Тут я еще раз убеждаюсь в силе истинной интеллигентности. С появлением этой пары как-то сразу сама собой исчезает напряженность ожидания. У артистки знаменитого театра тотчас же находится тема для оживленной беседы с моей женой — учительницей одной из окраинных школ Москвы. Обе они матери. Фадеевский Миша родился почти одновременно с нашей Аленой — в конце войны. Ну и, конечно, возникает оживленнейшая дискуссия о том, как лучше выращивать ребят, — с соской или без соски, когда им полагается начинать ходить, когда говорить, как избежать летних поносов и как ребятам полезен воздух.

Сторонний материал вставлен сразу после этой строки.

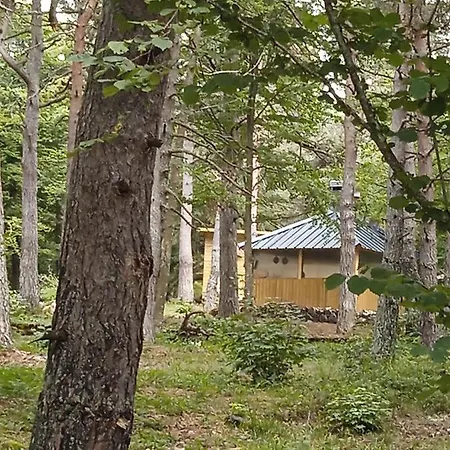 Papillon Domaine De La Mamounette Boussoulet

Мама начинает развлекать писателя в старомодном стиле — разговорами о литературе, и в частности о «Молодой гвардии», которую она, оказывается, вырезала из «Комсомольской правды» и подшивала. У нее дела идут хуже. Фадеев скучающе поддакивает. Но тут происходит трагическое происшествие, сразу улучшающее обстановку и на этом фронте. Дело в том, что из всего нашего имущества в Калинине сохранился лишь один старинный «турецкий» диван, крытый плешивым оранжевым плюшем. Пружины его давно отказали. Сиденье держится на стопках газет, которыми диван этот набит, газет с моими статьями, очерками и заметками, аккуратно собираемыми мамой. Фадеев садится на этот диван и, естественно, проваливается, ибо все мои труды не выдерживают веса живого классика.

Мама всплескивает руками и застывает в ужасе. И тут мы слышим мелкое, дробное, рассыпчатое фадеевское «ха-ха-ха», всегда свидетельствующее об отличном настроении. Напряженность спадает и тут. Осторожно устроившись на коварном диване, мы погружаемся в военные воспоминания. Как водится, мешаем друг другу говорить восклицаниями вроде: «А знаешь!», «А помнишь!», «Ты не забыл, как…» и т. д.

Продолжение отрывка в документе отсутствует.